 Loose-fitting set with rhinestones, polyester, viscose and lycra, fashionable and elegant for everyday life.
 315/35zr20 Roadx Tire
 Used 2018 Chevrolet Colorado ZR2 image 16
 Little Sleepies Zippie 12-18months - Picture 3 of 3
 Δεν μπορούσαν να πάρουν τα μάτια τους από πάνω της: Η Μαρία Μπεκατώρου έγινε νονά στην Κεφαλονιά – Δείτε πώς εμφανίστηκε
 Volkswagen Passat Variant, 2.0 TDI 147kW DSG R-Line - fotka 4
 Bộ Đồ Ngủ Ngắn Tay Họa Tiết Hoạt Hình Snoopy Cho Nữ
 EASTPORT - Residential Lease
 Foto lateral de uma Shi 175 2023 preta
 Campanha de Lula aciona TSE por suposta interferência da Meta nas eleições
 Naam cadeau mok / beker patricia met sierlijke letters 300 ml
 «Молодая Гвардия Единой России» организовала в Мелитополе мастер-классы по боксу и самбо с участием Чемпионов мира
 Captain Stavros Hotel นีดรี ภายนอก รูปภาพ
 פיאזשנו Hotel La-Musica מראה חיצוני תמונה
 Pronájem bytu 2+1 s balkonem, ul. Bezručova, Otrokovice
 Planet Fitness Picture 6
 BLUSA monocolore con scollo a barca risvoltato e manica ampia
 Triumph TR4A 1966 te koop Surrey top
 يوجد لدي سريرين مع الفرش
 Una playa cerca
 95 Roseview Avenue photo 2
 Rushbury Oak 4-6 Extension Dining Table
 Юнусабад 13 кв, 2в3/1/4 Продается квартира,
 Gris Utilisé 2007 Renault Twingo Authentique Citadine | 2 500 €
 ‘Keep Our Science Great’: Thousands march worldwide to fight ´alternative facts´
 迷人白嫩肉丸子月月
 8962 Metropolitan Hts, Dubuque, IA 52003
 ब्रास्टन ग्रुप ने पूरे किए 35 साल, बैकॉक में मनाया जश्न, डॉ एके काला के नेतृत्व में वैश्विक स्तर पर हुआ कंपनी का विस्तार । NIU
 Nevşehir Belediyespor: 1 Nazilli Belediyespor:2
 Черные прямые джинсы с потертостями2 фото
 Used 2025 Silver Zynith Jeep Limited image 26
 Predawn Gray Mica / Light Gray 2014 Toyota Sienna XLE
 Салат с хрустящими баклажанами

WORK REQUEST: Only the lines from the one containing "Gris Utilisé 2007" through the end of the data above are wanted, both ends included; restate them word for word.

SOLUTION FOR THIS PROBLEM:
 Gris Utilisé 2007 Renault Twingo Authentique Citadine | 2 500 €
 ‘Keep Our Science Great’: Thousands march worldwide to fight ´alternative facts´
 迷人白嫩肉丸子月月
 8962 Metropolitan Hts, Dubuque, IA 52003
 ब्रास्टन ग्रुप ने पूरे किए 35 साल, बैकॉक में मनाया जश्न, डॉ एके काला के नेतृत्व में वैश्विक स्तर पर हुआ कंपनी का विस्तार । NIU
 Nevşehir Belediyespor: 1 Nazilli Belediyespor:2
 Черные прямые джинсы с потертостями2 фото
 Used 2025 Silver Zynith Jeep Limited image 26
 Predawn Gray Mica / Light Gray 2014 Toyota Sienna XLE
 Салат с хрустящими баклажанами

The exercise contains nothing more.